Otra gran película que ponía en un mismo ring a pelear a dos actores inmensos en la comedia es Enemigo en Casa. En esa película, Sean William Scott y Billy Bob Thorton luchaban por el amor de Susan Sarandon, la madre del joven que ahora tenía una nueva pareja, un terrible entrenador de educación física. Si este film funcionaba era porque, mientras que el relato cuenta una competencia entre dos personajes, los cómicos parecen ser solidarios con el otro buscando un bien común. Junto con Locos por los Votos conforman esas películas que si bien no pertenecen al género del deporte, en su esencia se halla la virtud del trabajo en equipo para llegar al triunfo.

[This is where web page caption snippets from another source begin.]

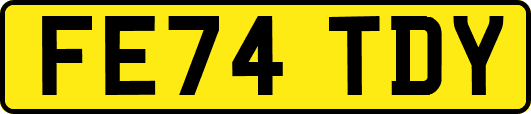 FE74TDY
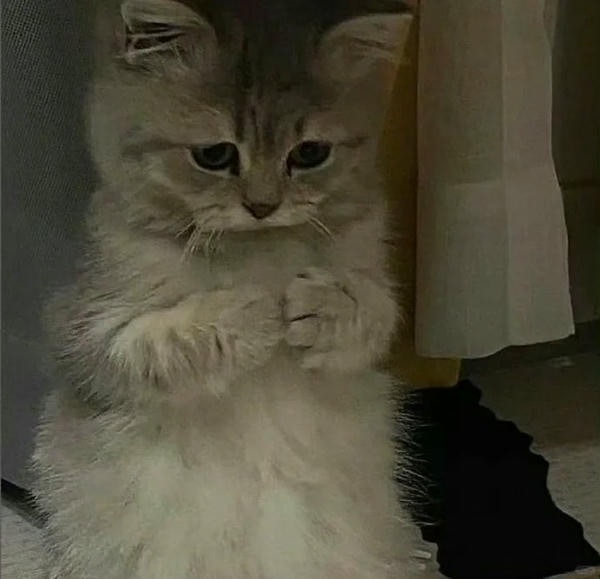 ảnh mèo cute buồn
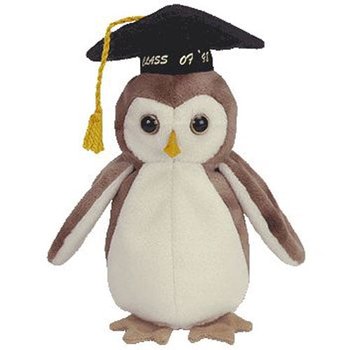 Wise the Owl reference photo
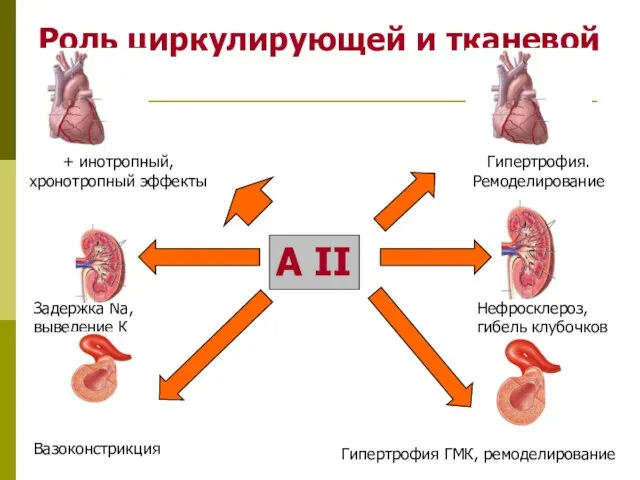 Роль циркулирующей и тканевой РААС А II Задержка Na, выведение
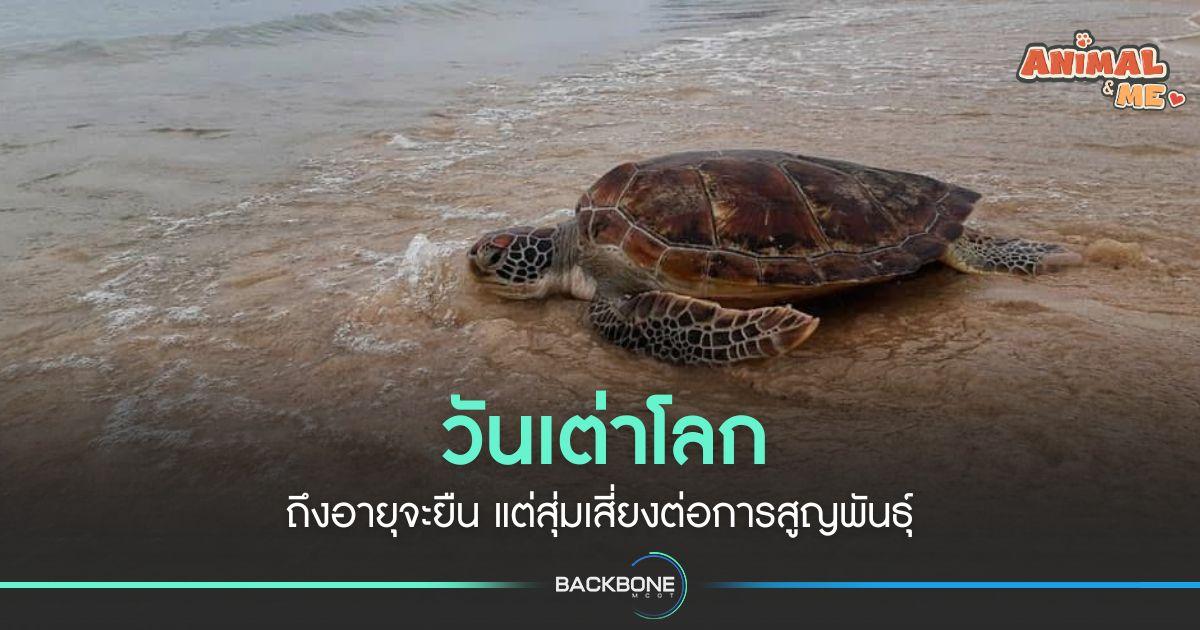 “วันเต่าโลก” ถึงอายุจะยืน แต่สุ่มเสี่ยงต่อการสูญพันธุ์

Inteligente resulta ser el planteo de Roach con respecto a su posición con la política actual. En épocas en las que los valores demócratas parecen representar continuamente lo correcto, el director hunde estas consideraciones con un personaje patético como el planteado por Ferrell. Por primera vez en mucho tiempo, Estados Unidos puede ver a un representante del partido de Obama acostarse con la mujer del otro candidato, no saber el Padre nuestro y golpear a un bebé.

Locos por los Votos contiene, además, el beneficio de ser una película de corta duración. Solo 85 minutos, que el director exprime hasta el final (con menor y mayor suerte en sus chistes, vale aclarar). Lo bueno que dure poco es que cuando se acerca el momento políticamente correcto que impregna a la mayor parte del cine actual (incluso pasaba en La Familia de mi Novia, también de Roach), el film ya está por terminar. Entonces, los discursos, los valores morales, el arrepentimiento casi no tienen tiempo para arruinar la despiadada competencia que se había gestado entre estos políticos.